Do "direito adquirido" à orientação jurisprudencial
8 de agosto de 2020, 8h00
Na última coluna do Observatório, Victor Marcel Pinheiro trouxe reflexão oportuna sobre a formação de precedentes. Aproveitando esse tema geral, proponho colocar em discussão a instigante questão relacionada à modulação dos efeitos de decisões judiciais, prevista no artigo 927, § 3º, do CPC, segundo o qual "na hipótese de alteração de jurisprudência dominante do Supremo Tribunal Federal e dos tribunais superiores ou daquela oriunda de julgamento de casos repetitivos, pode haver modulação dos efeitos da alteração no interesse social e no da segurança jurídica".

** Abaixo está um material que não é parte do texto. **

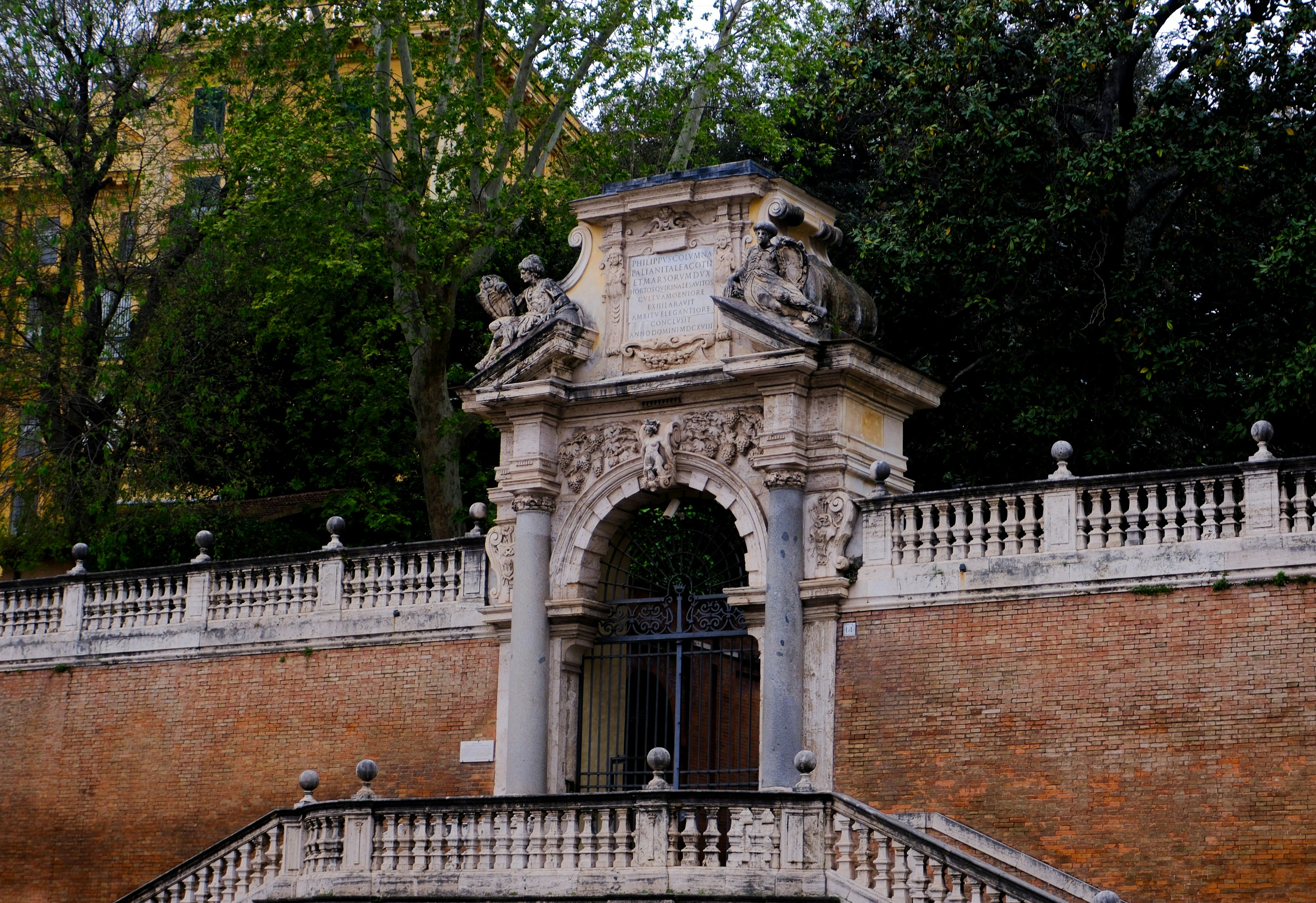An ornate archway stands atop a brick wall.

Já havíamos tratado sobre o tema da modulação em agosto de 2014, antes do advento do atual Código de Processo Civil[1]. Na ocasião, reconhecíamos que a expectativa de previsibilidade e segurança jurídica se projetava no campo da jurisprudência, estando na pauta das discussões à época formas de prevenir viradas bruscas de orientações jurisprudenciais, sobretudo dos tribunais superiores, e de evitar surpresas na prestação jurisdicional.

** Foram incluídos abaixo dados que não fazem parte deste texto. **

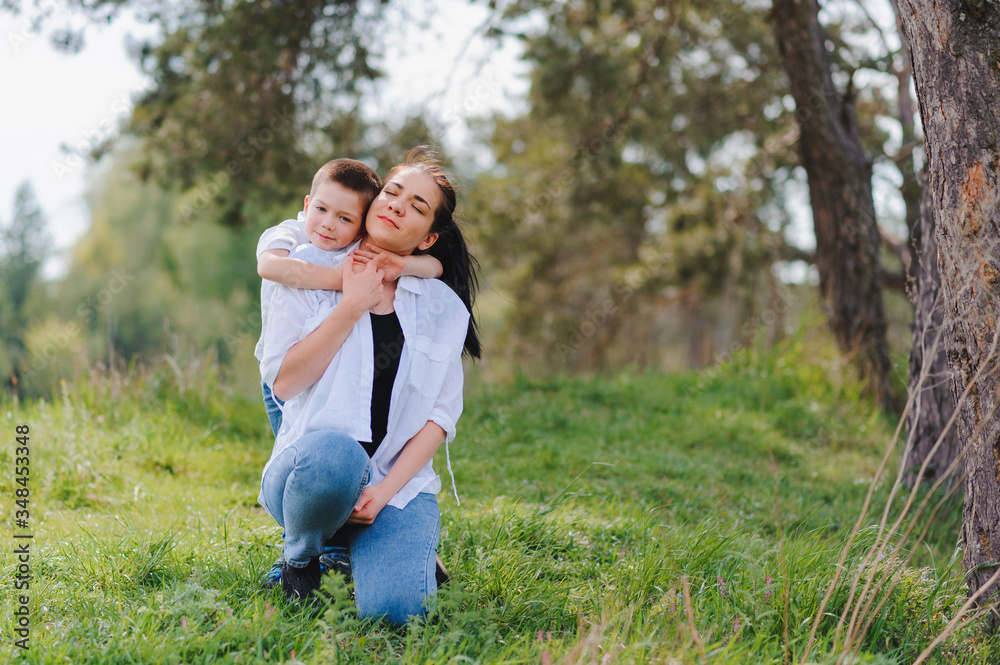 Fototapeta premium Happy young mother is playing with her baby in a park on a green lawn. Happiness and harmony of family life. Great family vacation. Good weekend. Mothers Day. Holiday. The concept of a happy family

Naquela época, alguns defendiam a aplicação ampla, em todos os campos da jurisdição, do artigo 27 da Lei 9.868, de 1999, segundo o qual "ao declarar a inconstitucionalidade de lei ou ato normativo, e tendo em vista razões de segurança jurídica ou de excepcional interesse social, poderá o Supremo Tribunal Federal, por maioria de dois terços de seus membros, restringir os efeitos daquela declaração ou decidir que ela só tenha eficácia a partir de seu trânsito em julgado ou de outro momento que venha a ser fixado".
Defendíamos, naquela oportunidade, que o artigo 27 da Lei 9.868, de 1999 não seria um expediente disponível para a generalidade do Poder Judiciário, dado que não se deve confundir os mecanismos próprios de atuação do Supremo Tribunal Federal, no exercício da jurisdição constitucional que lhe compete, com a prática judiciárias dos demais juízes e tribunais, mesmo que superiores.
Essa lacuna agora, sem dúvida alguma, restou preenchida pelo mencionado artigo 927, § 3º, do CPC, admitindo a aludida modulação nas hipóteses em que o Tribunal Superior modificar sua orientação ("alteração da jurisprudência dominante"), quando houver razões de interesse social e segurança jurídica.
Para interpretar o dispositivo, parece natural que se inspire no artigo 27 da Lei nº 9.868, de 1998, mas com a cautela de não mimetizar, sem acurada reflexão, o entendimento do STF a respeito dessa ferramenta do controle de constitucionalidade na atuação dos demais Tribunais Superiores, sendo indispensável a formação de uma dogmática processual própria[2].
Para ilustrar, é válido pensar no Superior Tribunal de Justiça. Não obstante o STJ tenha nos últimos 20 anos assumido, paulatinamente, a função de uma Corte de Precedentes[3], essa feição do STJ não permite atribuir-lhe uma função assemelhada a de uma Corte Constitucional (da legalidade), pois os planos da legalidade e da constitucionalidade não são assimiláveis.
A jurisdição (ordinária), vale lembrar, voltada à composição de conflitos ou ao suprimento de vontades pela aplicação da lei, é marcada pela imparcialidade do julgador que decorre da sua vinculação ao direito posto, destinando-se a jurisdição à atuação da vontade do direito sobre a vontade das partes.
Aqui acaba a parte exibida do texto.